In 1972, the state passed the Optional County Charter Law, which provided for four different manners in which a county could be governed, including by an executive, an administrator, a board president or a county supervisor.

The county established a Charter Study Commission in 1973, recommending the ultimately accepted changes. In November 1974, Atlantic County voters changed the county governmental form under the Optional County Charter Law to the county executive form. The charter provided for an executive directly by the voters and a nine-member Board of County Commissioners, responsible for legislation. The executive is elected to a four-year term, and the commissioners are elected to staggered three-year terms, of which four are elected from the county on an at-large basis, and five commissioners represent equally populated districts.

Atlantic County joins Bergen, Essex, Hudson, and Mercer counties as one of the five of 21 New Jersey counties with an elected executive.

==County executives==
===Charles D. Worthington: 1975–1979===
Democrat Charles D. Worthington, the first county executive, took office in 1975 while serving his only term in the New Jersey General Assembly. The incoming freeholder board was dominated by Republicans, who held a 7-2 majority, flipping the 5-2 majority that Democrats had held on the freeholder board in place under the previous form of government.

===Dick Squires: 1980–1999===
Richard "Dick" Squires was born in 1932 in Atlantic City and was raised in Egg Harbor Township.

A former Freeholder, Republican Squires defeated Worthington in the 1979 general election.

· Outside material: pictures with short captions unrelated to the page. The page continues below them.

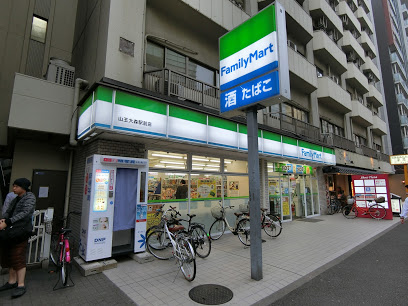 コンビニ　ファミリーマート（コンビニ）まで788m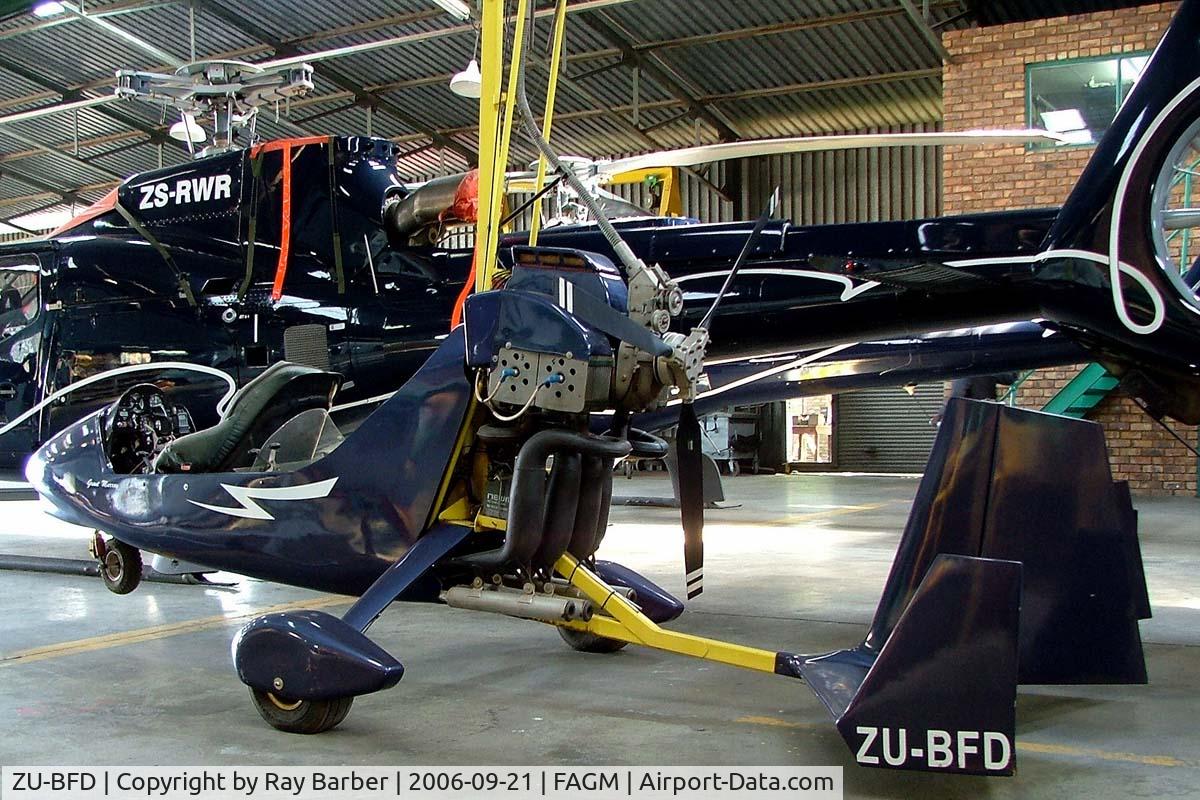 ZU-BFD, 1997 Magni Gyro M-16 Tandem Trainer C/N PAL001, Magni M-16 Tandem Trainer [PAL001] Rand~ZS 21/09/2006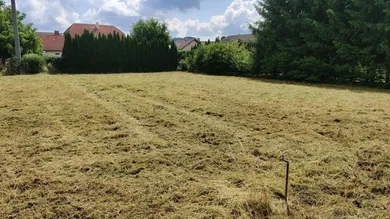  قطعة أرض في Weisskirchen an der Traun, Austria رقم 228238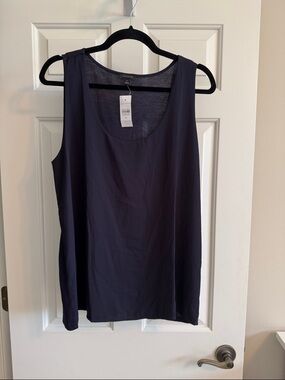 Ann Taylor Navy Scoop Neck Tank NWT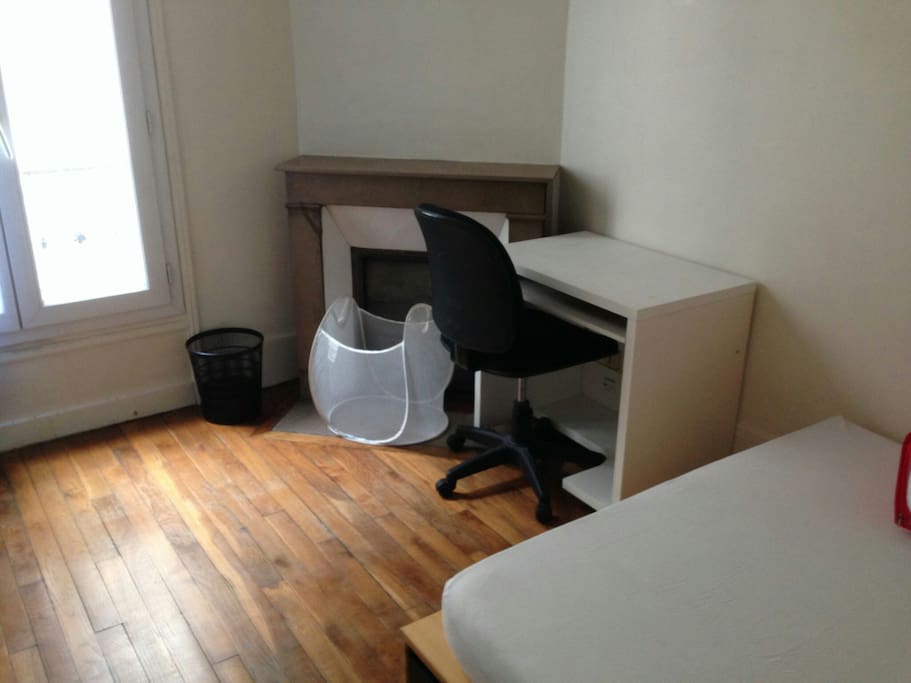 bedroom with table and closet ... and bed :)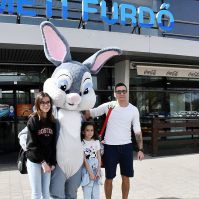 Húsvéti nyúl fogadta a vendégeket a Kecskeméti Fürdő előtt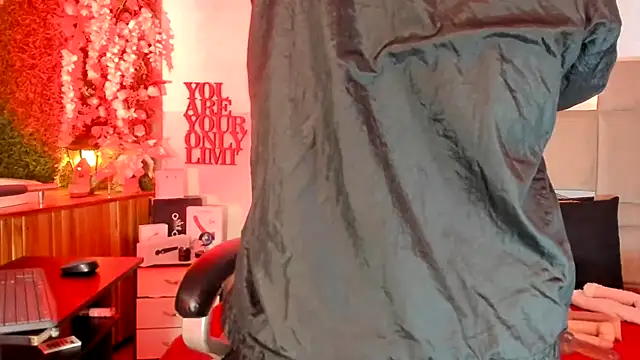 natacha  black  online show from 02/23/25, 01:02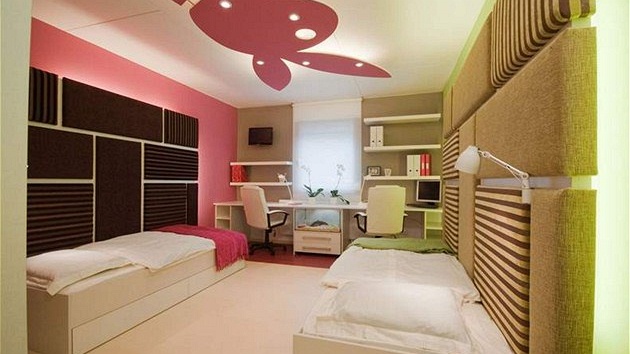 Barvy pokoj symetricky rozd�lují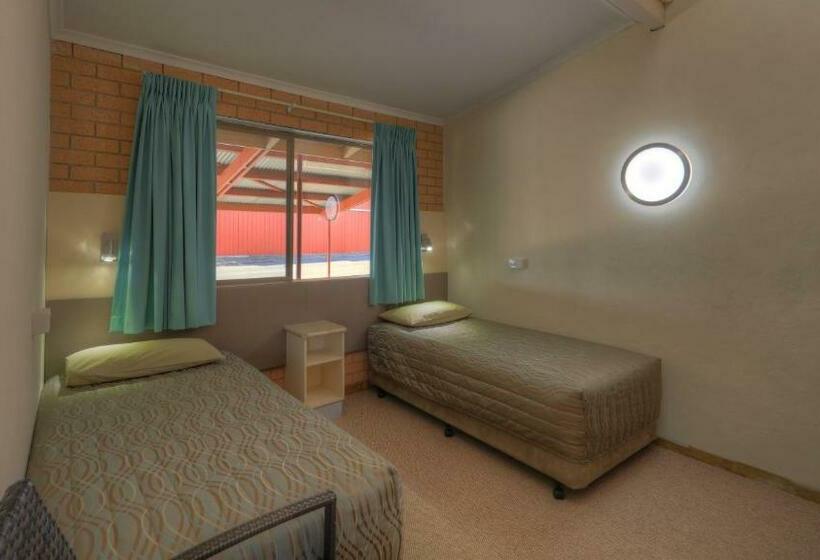 汽车旅馆  Tenterfield Motor Inn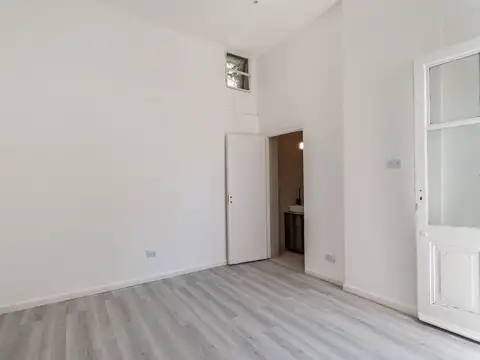 Depto Tipo Casa en Venta de 2 ambientes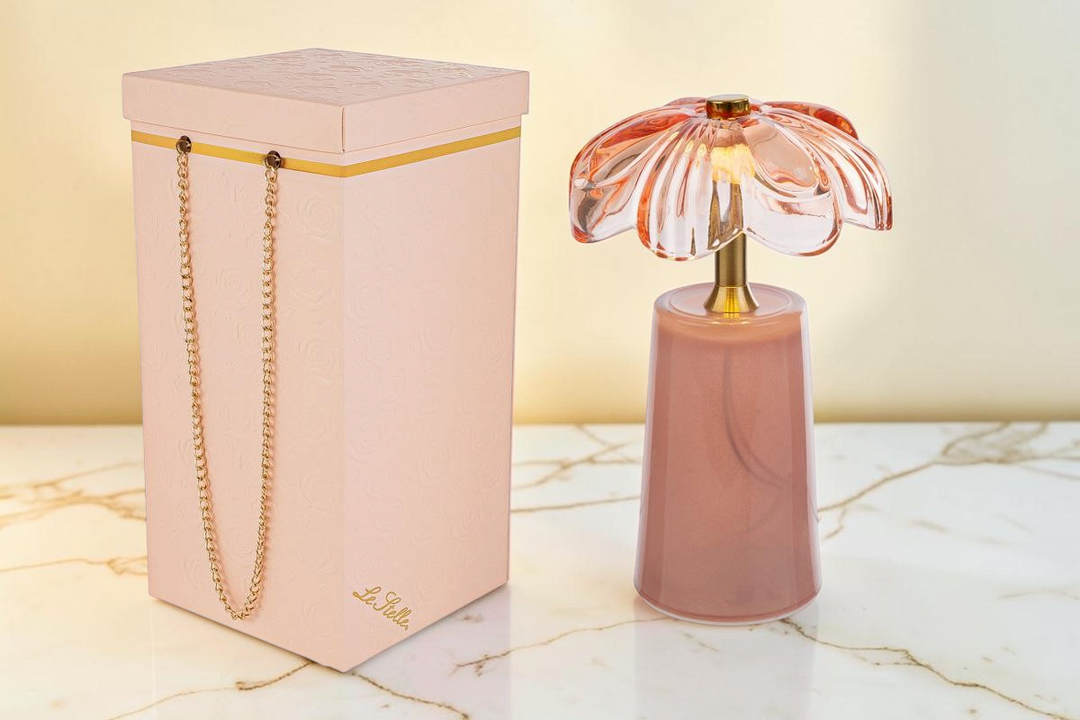Lampada La Festa Perfetta a forma di fiore di ciliegio in vetro rosa con base cilindrica e confezione regalo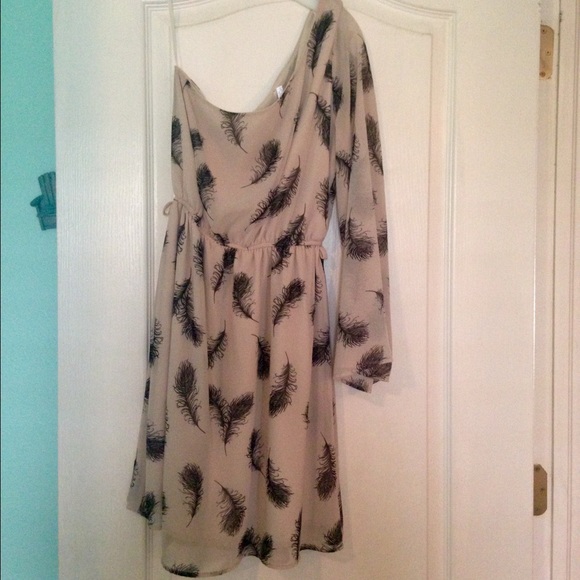 One shoulder dress 🌚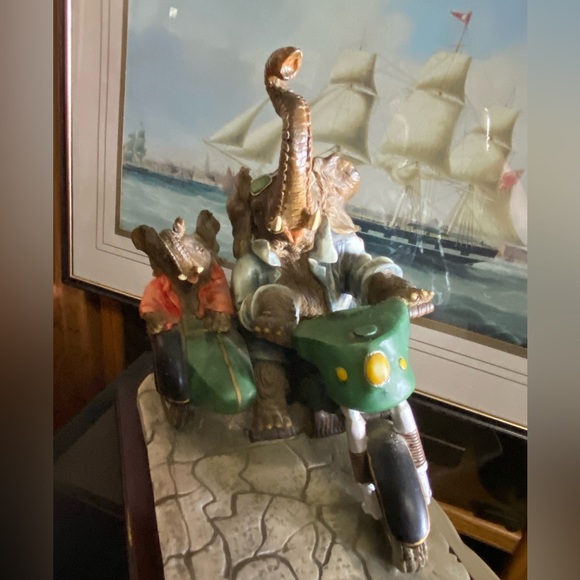 Elephant on the motorcycle figurine - Picture 4 of 8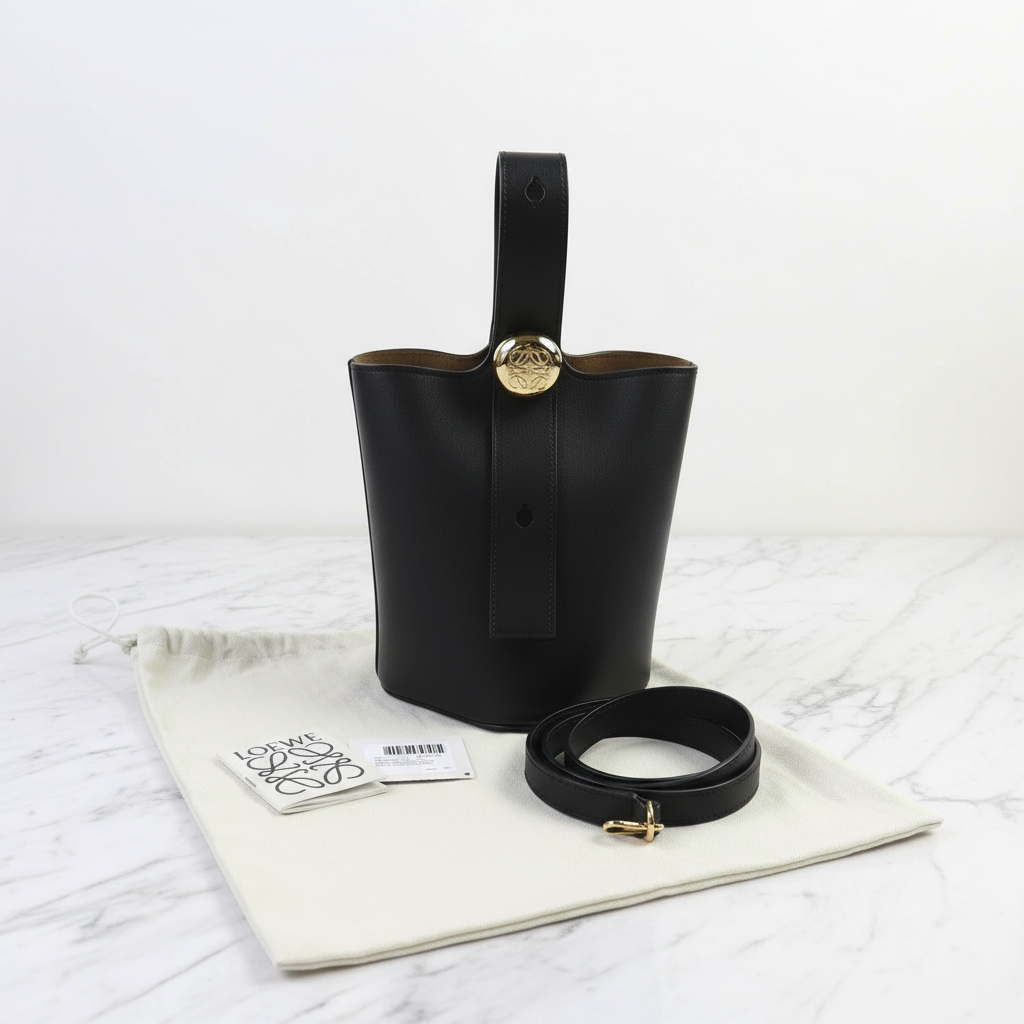 Loewe – Pebble Bucket Bag Mini 100% Authentic ✨Pre-Owned Near Mint Condition            ~ 27% off MSRP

Squires served in office as county executive for 20 years until deciding in 1999 that he would not run for re-election. Squires won re-election in 1987, defeating Democrat Mary Haynie in an election focused on plans for the expansion of Atlantic City International Airport.

===Dennis Levinson: 2000–present===
Republican Dennis Levinson was raised in Ventnor City and graduated from Atlantic City High School before earning a bachelor's degree at Glassboro State College (now Rowan University). He taught history for three decades at the Northfield Community Schools.

Before his election to the Board of Freeholders, he served as a Councilmember in Northfield from 1982 to 1986. First elected as a freeholder in an upset over Joe Messick, Levinson was chosen by his peers as Freeholder Chairman six times.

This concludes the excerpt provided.